DATASET SECTION
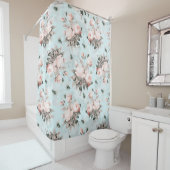 Blush Rozen Boeketten Rococo Garden Douchegordijn (In situ)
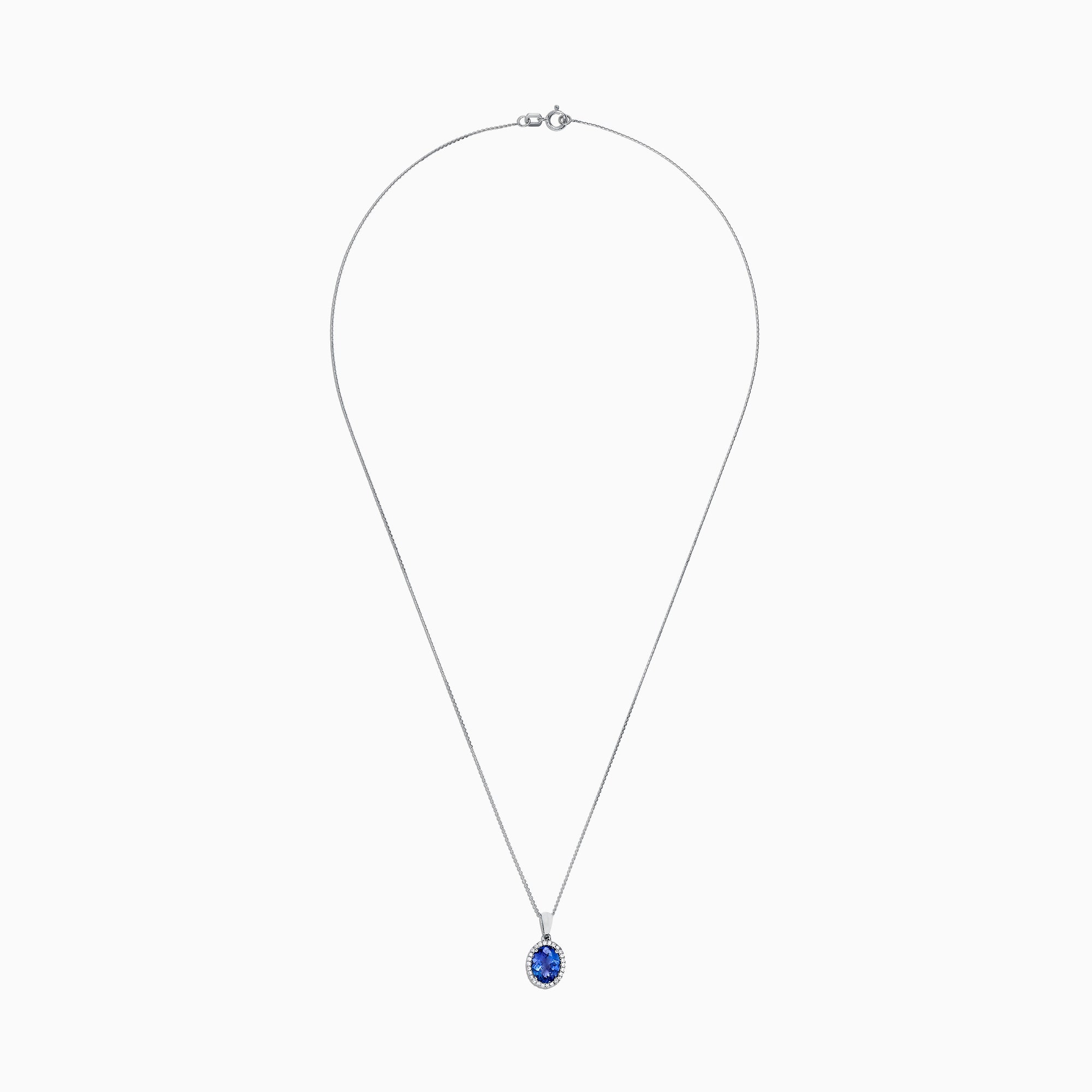 A 14K white gold pendant with an oval tanzanite (1.86 TCW) surrounded by diamonds, shown on a plain white background.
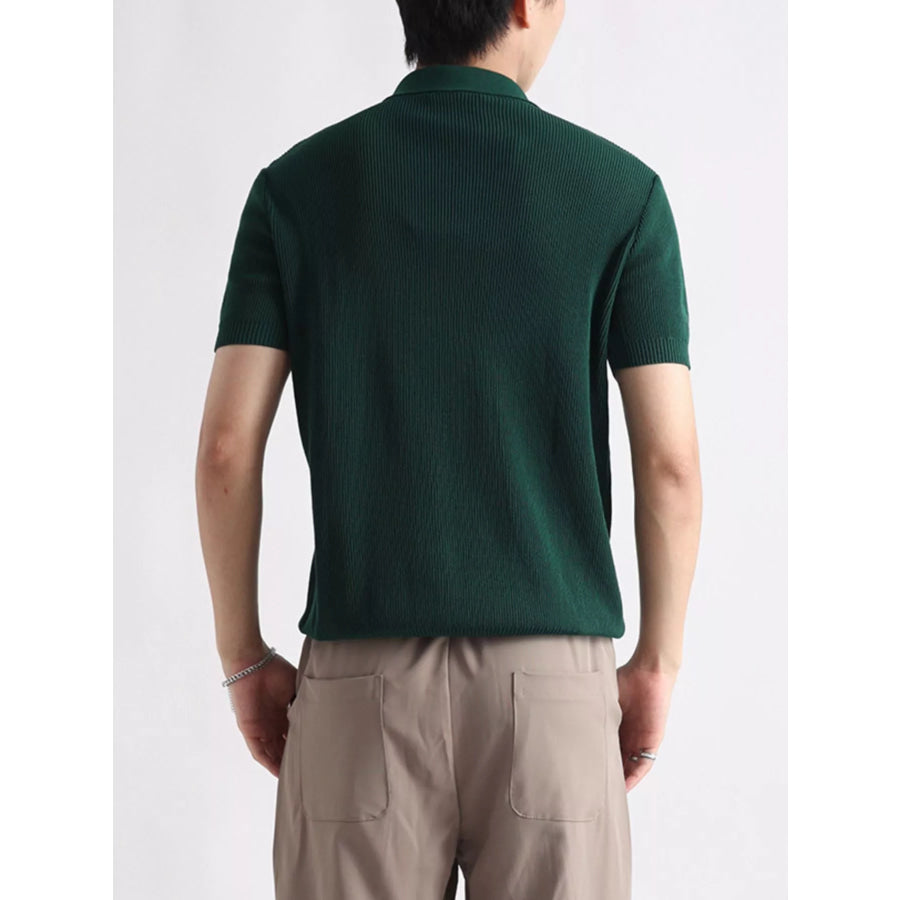 Men’s Plus Size Ribbed Knit Slim Fit Polo Apparel and Accessories
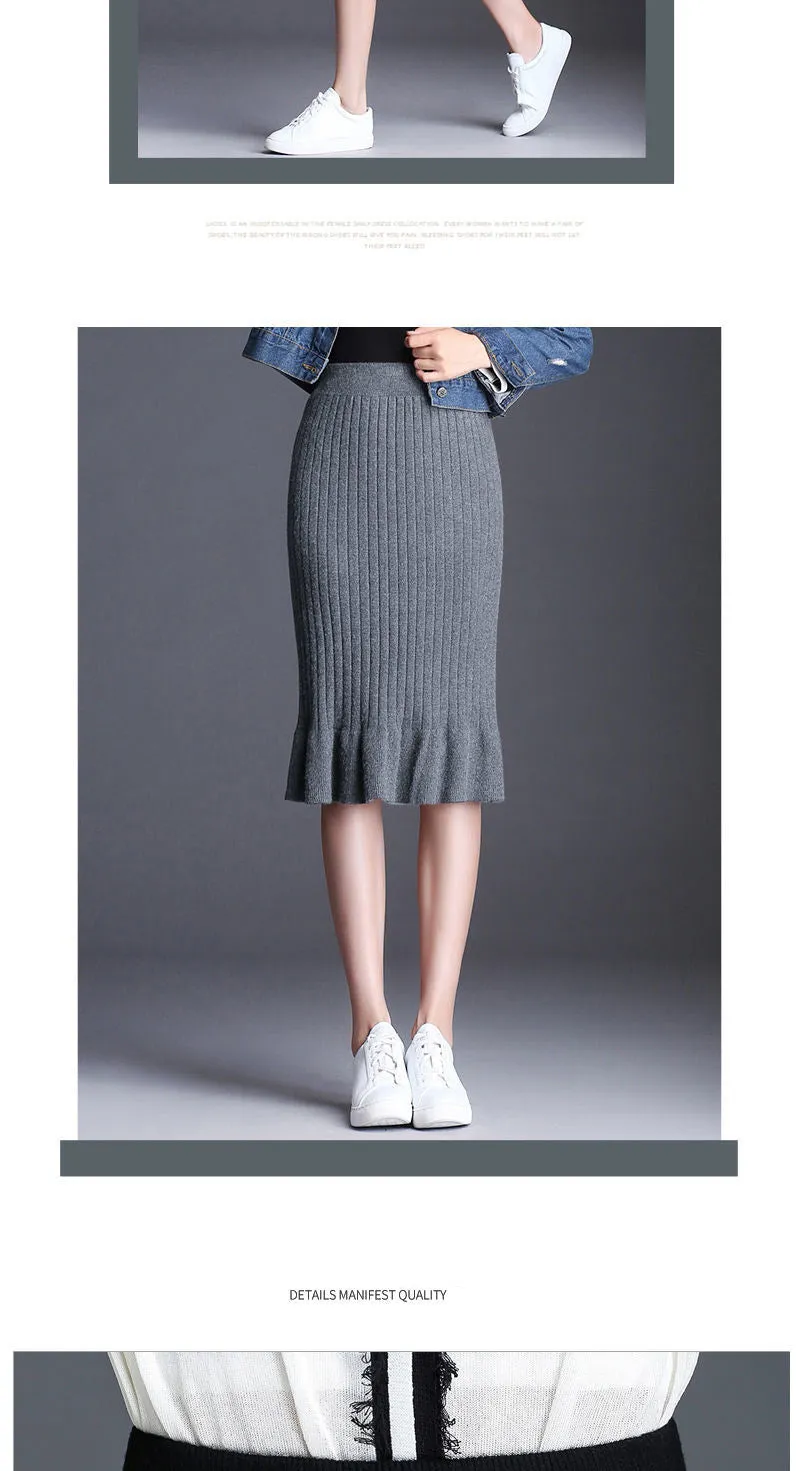 Wjczt Women&#39;s Skirt Knitted High Waist Ruffles Mermaid Skirt Casual Commuter Bag Hip Midi Skirt Office Lady Solid Elastic Pencil Skirt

TASK REQUIREMENTS
The lines from the one containing "Men’s Plus Size" through the last line of the data above are to be transcribed exactly, both included, with all pictures left out.

SOLUTION FOR THIS PROBLEM
 Men’s Plus Size Ribbed Knit Slim Fit Polo Apparel and Accessories
 Wjczt Women&#39;s Skirt Knitted High Waist Ruffles Mermaid Skirt Casual Commuter Bag Hip Midi Skirt Office Lady Solid Elastic Pencil Skirt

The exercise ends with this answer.